Next week, the Catholic Church in the United States will once again celebrate Religious Freedom Week (June 22 to June 29). This is a time to give thanks to God for the blessings of our religious freedom, while also learning more about the threats that exist to this freedom today.
The celebration of Religious Freedom Week overlaps the feast days of five saints who were killed because they stood up for what they believed: St. John the Baptist, SS. Peter and Paul, St. John Fisher and St. Thomas More.
In this column, I want to reflect on how this last saint, Thomas More, can be an example for us in our own times.
St. Thomas More lived in England in the 1500s. That century was a time of great change and upheaval in our church and in our world. This was the era of the Protestant Reformation, when Christianity split into numerous denominations. While many of these splits occurred as a result of differences of opinion about theological matters or the proper way to worship, the issues in England were different.
King Henry VIII was the leader of England at this time and, while he was Catholic and defended the church against Martin Luther and others who were criticizing it, he also felt that the church should not have a say in how he lived his life. Specifically, he was upset that the pope would not grant him an annulment from his first wife, Catherine of Aragon, so that he could marry another woman, Anne Boleyn. So, he simply made himself the head of the Church of England. In doing so, he insisted that the people of England recognize his authority over the church.
In other words, he asked them to accept something as true which was not true.
St. Thomas More, one of the king’s closest advisors (Lord High Chancellor of England) and friends, was asked to sign a document acknowledging Henry as the head of the Church of England. When Thomas More, a lawyer, refused, he was beheaded for treason. His famous last words were, “I die the king’s good servant, but God’s first.”
Much like St. Thomas More, we live in a time of political, social and religious upheaval. As a result of this, Christians are sometimes asked or expected to accept things as true which are not true.

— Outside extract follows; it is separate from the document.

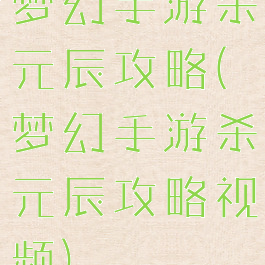 梦幻手游杀元辰攻略(梦幻手游杀元辰攻略视频)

Our refusal to do so can put us at odds with the “majority” of people, in particular, people in power. What St. Thomas More understood, and what we need to remember, is that being a Christian doesn’t just involve going to church. We must also be prepared to stand up for the truth, even when doing so could cost us something.
Thankfully, we live in a country that grants us freedom of religion. But we must realize that this freedom is not guaranteed. If we are not prepared to defend our right to practice Christianity, it is possible that this freedom could be taken away.
In addition, there are some people who believe that freedom of religion only protects our right to worship. Some want to relegate our faith to the private sphere, where it has no influence on our behaviors in public. This view of religious freedom undermines Christianity, which defines who we are, both in private and in public.
Friends, our religious freedom is sacred and something we must be prepared to defend.
I hope you will join me next week in observing Religious Freedom Week. I encourage you to utilize the resources available from the U.S. Conference of Catholic Bishops, especially the daily reflection guides which focus on prayer and action. You can find these resources at usccb.org/religiousfreedomweek.
Take time to thank God for our religious freedom, pray for those who are persecuted for their faith, and pray that you will have the courage to stand up for your faith when others tell you to keep quiet. St. Thomas More, pray for us!